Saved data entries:
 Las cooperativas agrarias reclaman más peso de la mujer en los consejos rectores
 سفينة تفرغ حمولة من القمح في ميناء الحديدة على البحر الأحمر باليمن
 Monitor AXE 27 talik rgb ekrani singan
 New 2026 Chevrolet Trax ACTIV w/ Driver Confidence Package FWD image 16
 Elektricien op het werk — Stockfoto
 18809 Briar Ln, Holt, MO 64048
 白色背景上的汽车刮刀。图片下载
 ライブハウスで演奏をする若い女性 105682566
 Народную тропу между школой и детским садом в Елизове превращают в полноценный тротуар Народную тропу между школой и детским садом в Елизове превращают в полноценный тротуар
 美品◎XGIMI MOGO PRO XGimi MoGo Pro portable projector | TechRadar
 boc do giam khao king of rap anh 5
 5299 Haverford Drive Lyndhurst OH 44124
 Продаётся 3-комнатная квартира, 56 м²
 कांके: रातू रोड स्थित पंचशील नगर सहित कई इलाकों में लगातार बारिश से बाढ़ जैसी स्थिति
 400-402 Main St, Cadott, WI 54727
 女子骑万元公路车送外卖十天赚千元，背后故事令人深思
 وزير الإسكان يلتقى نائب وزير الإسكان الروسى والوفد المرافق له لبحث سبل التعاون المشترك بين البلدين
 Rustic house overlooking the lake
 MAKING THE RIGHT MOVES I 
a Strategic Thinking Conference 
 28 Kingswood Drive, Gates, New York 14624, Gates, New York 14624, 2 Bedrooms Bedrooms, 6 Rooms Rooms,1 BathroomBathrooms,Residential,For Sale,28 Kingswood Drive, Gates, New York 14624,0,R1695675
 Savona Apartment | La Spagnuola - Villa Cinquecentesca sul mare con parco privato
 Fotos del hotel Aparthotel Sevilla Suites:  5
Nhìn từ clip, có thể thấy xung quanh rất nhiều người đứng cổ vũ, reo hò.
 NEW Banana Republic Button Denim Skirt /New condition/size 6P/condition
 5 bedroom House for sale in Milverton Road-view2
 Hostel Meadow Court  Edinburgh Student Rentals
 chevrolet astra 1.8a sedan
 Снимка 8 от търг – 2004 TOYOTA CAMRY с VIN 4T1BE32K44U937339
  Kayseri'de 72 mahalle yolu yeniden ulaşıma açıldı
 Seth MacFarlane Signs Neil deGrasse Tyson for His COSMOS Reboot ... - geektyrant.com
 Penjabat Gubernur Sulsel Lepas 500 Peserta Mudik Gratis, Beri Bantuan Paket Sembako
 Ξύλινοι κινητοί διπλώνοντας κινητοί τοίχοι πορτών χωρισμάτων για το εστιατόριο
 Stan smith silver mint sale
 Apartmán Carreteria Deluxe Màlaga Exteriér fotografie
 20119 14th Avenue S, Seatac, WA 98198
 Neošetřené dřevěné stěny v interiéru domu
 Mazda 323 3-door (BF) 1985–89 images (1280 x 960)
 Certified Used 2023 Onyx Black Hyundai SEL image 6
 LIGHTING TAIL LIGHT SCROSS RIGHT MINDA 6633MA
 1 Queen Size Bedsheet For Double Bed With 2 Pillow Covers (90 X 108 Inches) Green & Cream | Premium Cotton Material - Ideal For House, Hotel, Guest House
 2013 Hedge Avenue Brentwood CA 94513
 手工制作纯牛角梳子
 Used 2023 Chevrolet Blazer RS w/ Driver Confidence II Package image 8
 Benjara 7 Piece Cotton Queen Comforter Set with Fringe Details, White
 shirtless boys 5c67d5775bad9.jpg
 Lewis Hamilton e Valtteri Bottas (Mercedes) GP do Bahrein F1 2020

● **WORK TO BE COMPLETED**
Only the lines from the one holding "Certified Used 2023" to the end of the entries above belong in the answer, each copied exactly.

● **WRITTEN ANSWER**
 Certified Used 2023 Onyx Black Hyundai SEL image 6
 LIGHTING TAIL LIGHT SCROSS RIGHT MINDA 6633MA
 1 Queen Size Bedsheet For Double Bed With 2 Pillow Covers (90 X 108 Inches) Green & Cream | Premium Cotton Material - Ideal For House, Hotel, Guest House
 2013 Hedge Avenue Brentwood CA 94513
 手工制作纯牛角梳子
 Used 2023 Chevrolet Blazer RS w/ Driver Confidence II Package image 8
 Benjara 7 Piece Cotton Queen Comforter Set with Fringe Details, White
 shirtless boys 5c67d5775bad9.jpg
 Lewis Hamilton e Valtteri Bottas (Mercedes) GP do Bahrein F1 2020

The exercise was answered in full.